I had to choose to give up things that weren’t adding to my life in positive ways. Even seemingly good things. I discovered that if some situation was good, but the timing wasn’t fitting, it wasn’t the best for me. How did I know? Gut instinct. A little whisper in my heart that said “not this one” or “give this up.”
At one point, I struggled to give up a sports activity that took a tremendous amount of my time and energy. I loved playing hockey, coaching my kids and helping on the board, but deep down I knew the situation wasn’t the best for me or my family. When I asked a friend for her input, she simply asked,
What is your gut telling you?
And I knew. If I was willing to be honest with myself.
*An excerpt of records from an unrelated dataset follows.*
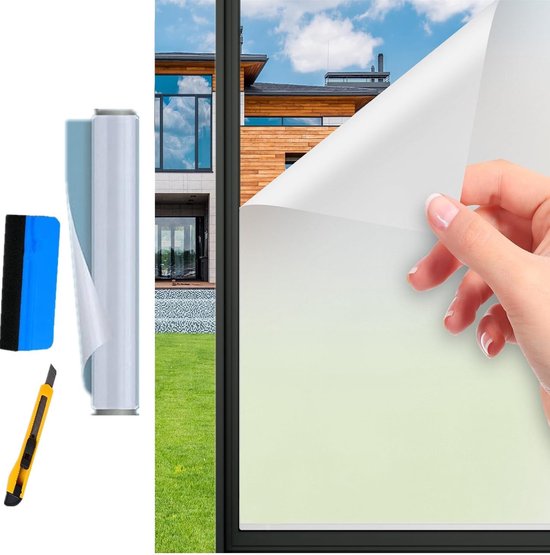Kleurfolie voor autoruiten, raamfolie 6 m x 50 cm zwart auto raam folie getint film rol auto huis raam glas zonne-energie UV-bescherming sticker films (maat: 15 Kleurfolie voor autoruiten, raamfolie 6 m x 50 cm zwart auto raam folie getint film rol auto huis raam glas zonne-energie UV-bescherming sticker films (maat: 15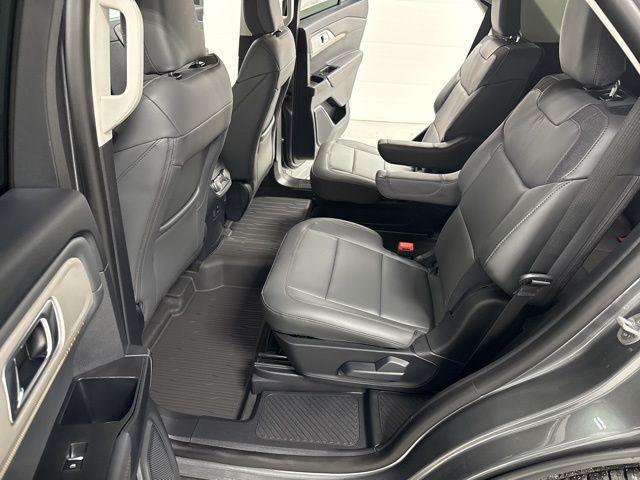 new 2026 Ford Explorer car, priced at $50,295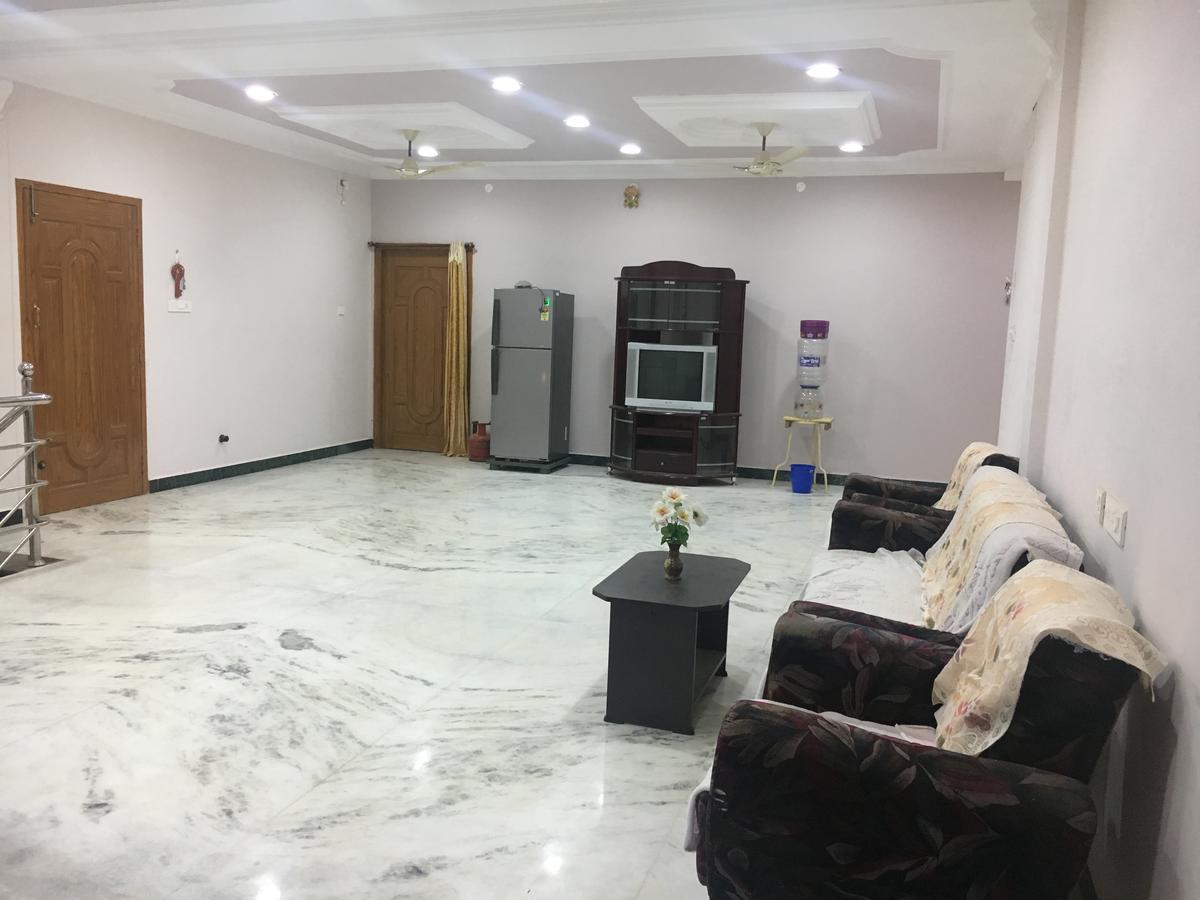 Pleasant Stay Tiruchirappalli 외부 사진
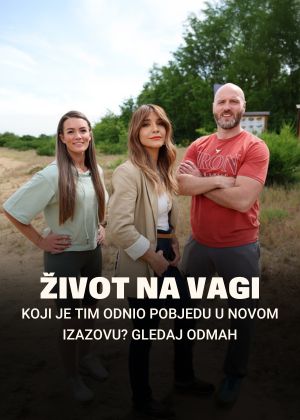 život na vagi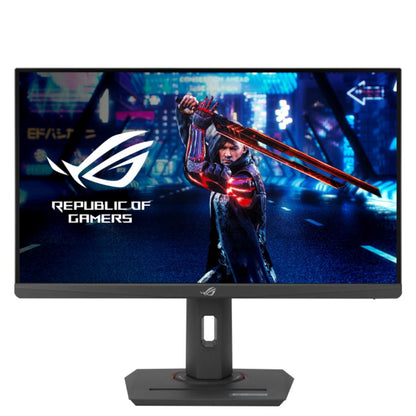 ASUS ROG Strix XG259QNS | 25" FHD Fast IPS eSports Gaming Monitor | 380Hz (OC), 0.3ms, ELMB Sync, HDR
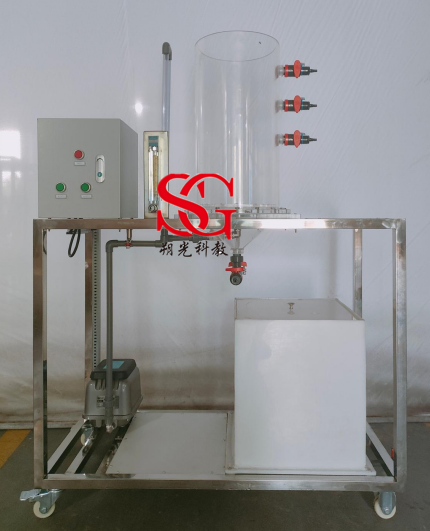 SG-HJ19Ⅱ 曝气充氧实验装置（充氧泵曝气）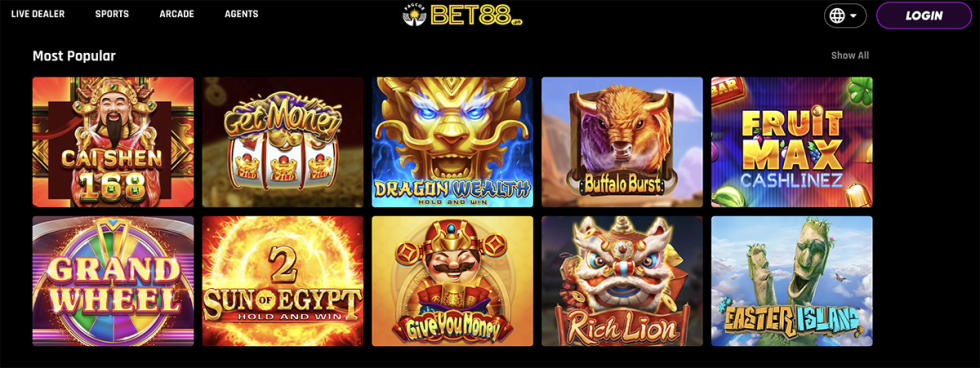 best online real money casino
God really did have a good plan!
Part of his plan was to simplify my life so he could deal with areas that needed healing. I had used busyness as a way to numb my pain and keep from dealing with issues I couldn’t fix. I needed time to be still and listen to God which couldn’t happen running from one activity to the next while taking care of four children and a business. I needed discipline and balance to replace my pinball game life. Rest and refreshment were completely foreign to me, but necessary for my sanity and health!
Finally, I recognized my tendency to be pressed by what seemed urgent.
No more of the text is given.